» **WORK ORDER**: Give the data below again exactly as written, without its pictures.

» **DATASET EXCERPT**:
====================

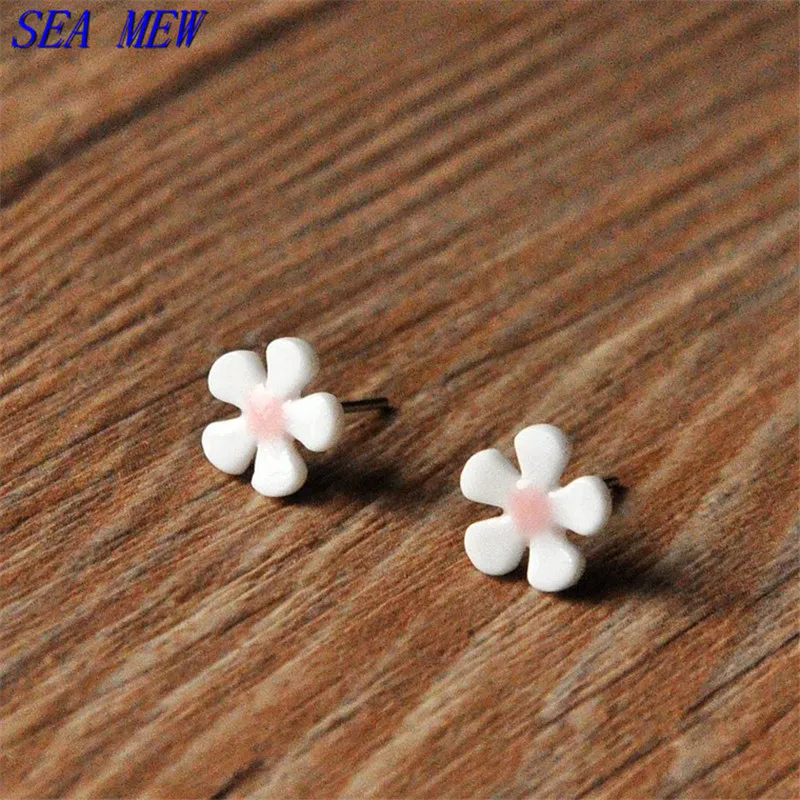 Fashion Ceramic Stud Earrings Flowers Porcelain Earrings High Quality Stainless Steel Pin
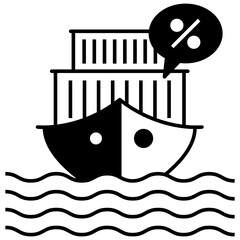 Tariff on imports or exports Goods Concept, International Trade Vector glyph Icon Design, Compulsory Financial charges and Taxation Symbol on White Background, Levy Sign
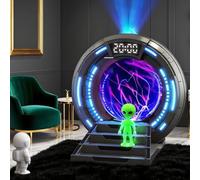 Proiettore di luci settentrionali Stargate Galaxy Night Light Plasma Globe Lamp con suono bianco rumore, musica Bluetooth, sveglia, decorazione per la camera dei bambini, regalo per Natale, compleanno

====================

» **RESULT OF THE EXERCISE**:
 Fashion Ceramic Stud Earrings Flowers Porcelain Earrings High Quality Stainless Steel Pin
 Tariff on imports or exports Goods Concept, International Trade Vector glyph Icon Design, Compulsory Financial charges and Taxation Symbol on White Background, Levy Sign
 Proiettore di luci settentrionali Stargate Galaxy Night Light Plasma Globe Lamp con suono bianco rumore, musica Bluetooth, sveglia, decorazione per la camera dei bambini, regalo per Natale, compleanno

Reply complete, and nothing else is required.